To me this means that one of the following is true:

Upvotes: 1

Views: 100

Answers (3)

Sneftel
Sneftel

Reputation: 41503

You're not wrong -- this is something C++ isn't great at. It doesn't currently have an equivalent to Java's bounded type parameters, meaning that if you want that specific level of control over what say_all can take, rather than just doing template<typename T> void say_all(list<T> const& l) (or even template<typename T> void say_all(T const& l)) and counting on the internal usage to throw errors, you'll need to do that manually, with enable_if and friends.

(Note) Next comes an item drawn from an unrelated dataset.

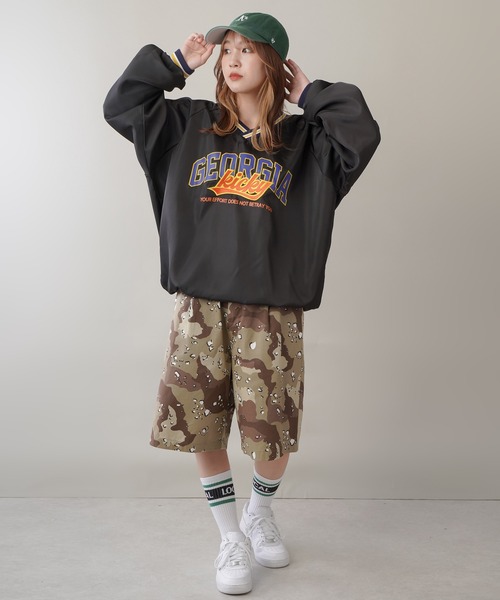 SPINNS（スピンズ）の「【ゆるシルエット】ラインロゴデザイン ナイロントップス（その他トップス・レディース・ブルー/ブラック/オフホワイト/ネイビー/ブラウン・ONESIZE）」の20枚目の写真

This is something that the maybe-upcoming C++ "concepts" feature is intended to address:

template<typename T> requires DerivedFrom<T, Word> void say_all(list<T> const& l) { ...

(Note that syntax and standard library support is still subject to change).

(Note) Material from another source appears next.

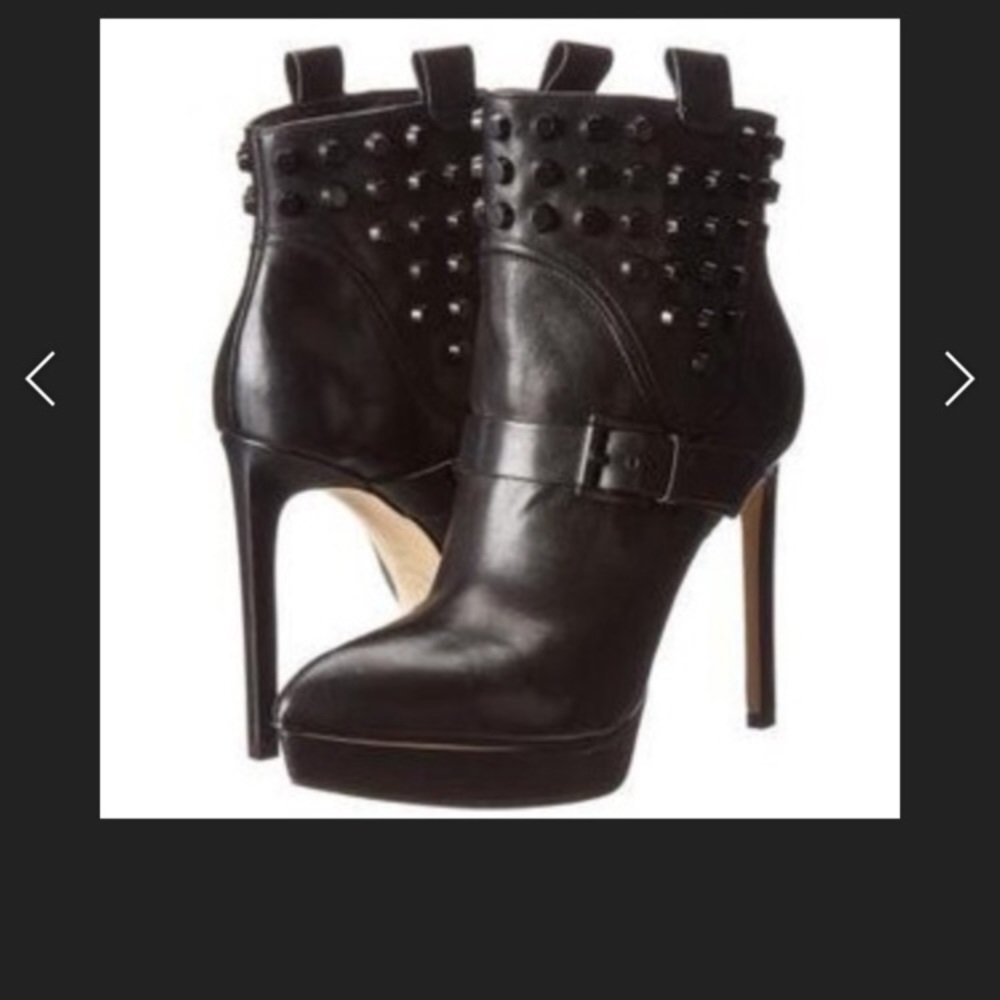 Michael Kors boots Bryn size 8 1/2 💕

Still, in this case that's just in service of a guaranteed, early, and easy-to-troubleshoot compiler error if you try to pass a list of something else in. Honestly, my approach here would probably be to just document that say_all expects a list of something subclassing Name, and rely on a probable compiler error if that gets violated.

Upvotes: 0

user7860670
user7860670

Reputation: 37600

You should be able to implement a generic function similar to java one using ::std::is_base_of type trait:

template
<
    typename x_Word
,   typename x_Enabled = ::std::enable_if_t
    <
        ::std::is_base_of_v<Word, x_Word>
    >
>
auto
say_all(::std::list<x_Word *> & words) -> void
{
    for(auto & p_w: words)
    {
        p_w->say();
    }    
    return;
}

online compiler

Upvotes: 0

rustyx
rustyx

Reputation: 85452

  • I am incorrectly assessing it as ugly

That.

I don't find the following ugly:

template<class T>
void say_all(const std::list<T*>& list) {
    for (T* w : list) {
        w->say();
    }    
}

Note that you don't have to restrict T at all in your example. Can't really match that in Java.

Only if you actually need to restrict T to an instance of Word:

template<class T, typename = std::enable_if_t<std::is_base_of<Word, T>::value>>
void say_all(const std::list<T*>& list) {
    for (T* w : list) {
        w->say();
    }    
}

Or with concepts:

template<typename T>
concept IsWord = std::is_base_of<Word, T>::value;

template<class T> requires IsWord<T>
void say_all(const std::list<T*>& list) {
    for(T* w : list) {
        w->say();
    }    
}

Side notes:

  • avoid copying objects unnecessarily by passing them by reference.
  • to reduce memory leaks avoid operator new and use std::list<std::unique_ptr<Word>> and std::make_unique instead.